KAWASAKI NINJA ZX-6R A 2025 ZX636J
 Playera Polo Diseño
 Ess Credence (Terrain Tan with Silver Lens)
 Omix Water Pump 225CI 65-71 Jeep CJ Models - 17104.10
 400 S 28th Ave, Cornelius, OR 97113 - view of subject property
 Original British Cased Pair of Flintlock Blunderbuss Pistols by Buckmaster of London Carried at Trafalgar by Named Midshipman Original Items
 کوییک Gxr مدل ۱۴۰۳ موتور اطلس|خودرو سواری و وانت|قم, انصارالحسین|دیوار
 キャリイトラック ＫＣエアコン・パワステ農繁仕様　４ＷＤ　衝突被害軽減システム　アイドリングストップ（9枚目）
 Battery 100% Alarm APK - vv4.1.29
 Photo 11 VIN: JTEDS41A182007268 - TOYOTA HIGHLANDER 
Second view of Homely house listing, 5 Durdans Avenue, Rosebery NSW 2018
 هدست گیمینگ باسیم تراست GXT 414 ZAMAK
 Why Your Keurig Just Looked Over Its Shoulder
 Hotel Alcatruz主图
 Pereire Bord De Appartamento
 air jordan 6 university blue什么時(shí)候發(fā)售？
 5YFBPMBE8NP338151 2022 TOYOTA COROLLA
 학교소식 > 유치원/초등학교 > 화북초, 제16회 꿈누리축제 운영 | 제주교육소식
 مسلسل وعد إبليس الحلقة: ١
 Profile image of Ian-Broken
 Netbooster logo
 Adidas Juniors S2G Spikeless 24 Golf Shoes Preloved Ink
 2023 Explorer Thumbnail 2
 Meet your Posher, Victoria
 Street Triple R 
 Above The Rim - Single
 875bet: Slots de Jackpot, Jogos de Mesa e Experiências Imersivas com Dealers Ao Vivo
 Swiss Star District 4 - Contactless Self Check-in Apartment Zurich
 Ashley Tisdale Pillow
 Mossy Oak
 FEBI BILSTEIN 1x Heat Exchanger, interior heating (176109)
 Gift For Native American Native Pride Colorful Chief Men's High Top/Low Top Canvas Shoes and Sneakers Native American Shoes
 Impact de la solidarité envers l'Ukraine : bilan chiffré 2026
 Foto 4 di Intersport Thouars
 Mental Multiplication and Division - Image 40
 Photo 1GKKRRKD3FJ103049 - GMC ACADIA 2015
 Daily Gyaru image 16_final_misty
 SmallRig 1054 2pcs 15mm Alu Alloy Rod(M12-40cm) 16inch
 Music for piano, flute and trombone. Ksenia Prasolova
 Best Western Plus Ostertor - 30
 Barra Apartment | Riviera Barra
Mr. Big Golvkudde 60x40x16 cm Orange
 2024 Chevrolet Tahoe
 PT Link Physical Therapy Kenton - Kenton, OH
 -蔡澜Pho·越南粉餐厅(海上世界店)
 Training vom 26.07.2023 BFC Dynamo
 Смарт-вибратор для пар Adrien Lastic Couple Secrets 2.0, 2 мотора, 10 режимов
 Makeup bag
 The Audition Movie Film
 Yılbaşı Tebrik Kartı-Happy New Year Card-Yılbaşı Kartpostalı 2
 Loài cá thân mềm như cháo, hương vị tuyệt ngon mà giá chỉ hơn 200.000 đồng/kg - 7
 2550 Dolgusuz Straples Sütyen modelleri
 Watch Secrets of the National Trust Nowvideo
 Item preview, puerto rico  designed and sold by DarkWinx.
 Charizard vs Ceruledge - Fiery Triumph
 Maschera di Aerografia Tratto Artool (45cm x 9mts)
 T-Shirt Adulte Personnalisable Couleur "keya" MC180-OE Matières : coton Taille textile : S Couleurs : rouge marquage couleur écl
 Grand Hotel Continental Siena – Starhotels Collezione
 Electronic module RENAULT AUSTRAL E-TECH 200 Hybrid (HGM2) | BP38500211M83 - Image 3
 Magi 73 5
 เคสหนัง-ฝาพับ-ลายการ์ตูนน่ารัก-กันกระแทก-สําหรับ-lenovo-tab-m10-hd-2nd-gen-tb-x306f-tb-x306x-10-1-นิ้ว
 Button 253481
# # # # # # #
EXERCISE AIM :: Transcribe the lines above between the line holding "Original British Cased" and the line holding "Mental Multiplication and", inclusive, exactly as they stand and with nothing added.

ANSWER SECTION ::
 Original British Cased Pair of Flintlock Blunderbuss Pistols by Buckmaster of London Carried at Trafalgar by Named Midshipman Original Items
 کوییک Gxr مدل ۱۴۰۳ موتور اطلس|خودرو سواری و وانت|قم, انصارالحسین|دیوار
 キャリイトラック ＫＣエアコン・パワステ農繁仕様　４ＷＤ　衝突被害軽減システム　アイドリングストップ（9枚目）
 Battery 100% Alarm APK - vv4.1.29
 Photo 11 VIN: JTEDS41A182007268 - TOYOTA HIGHLANDER 
Second view of Homely house listing, 5 Durdans Avenue, Rosebery NSW 2018
 هدست گیمینگ باسیم تراست GXT 414 ZAMAK
 Why Your Keurig Just Looked Over Its Shoulder
 Hotel Alcatruz主图
 Pereire Bord De Appartamento
 air jordan 6 university blue什么時(shí)候發(fā)售？
 5YFBPMBE8NP338151 2022 TOYOTA COROLLA
 학교소식 > 유치원/초등학교 > 화북초, 제16회 꿈누리축제 운영 | 제주교육소식
 مسلسل وعد إبليس الحلقة: ١
 Profile image of Ian-Broken
 Netbooster logo
 Adidas Juniors S2G Spikeless 24 Golf Shoes Preloved Ink
 2023 Explorer Thumbnail 2
 Meet your Posher, Victoria
 Street Triple R 
 Above The Rim - Single
 875bet: Slots de Jackpot, Jogos de Mesa e Experiências Imersivas com Dealers Ao Vivo
 Swiss Star District 4 - Contactless Self Check-in Apartment Zurich
 Ashley Tisdale Pillow
 Mossy Oak
 FEBI BILSTEIN 1x Heat Exchanger, interior heating (176109)
 Gift For Native American Native Pride Colorful Chief Men's High Top/Low Top Canvas Shoes and Sneakers Native American Shoes
 Impact de la solidarité envers l'Ukraine : bilan chiffré 2026
 Foto 4 di Intersport Thouars
 Mental Multiplication and Division - Image 40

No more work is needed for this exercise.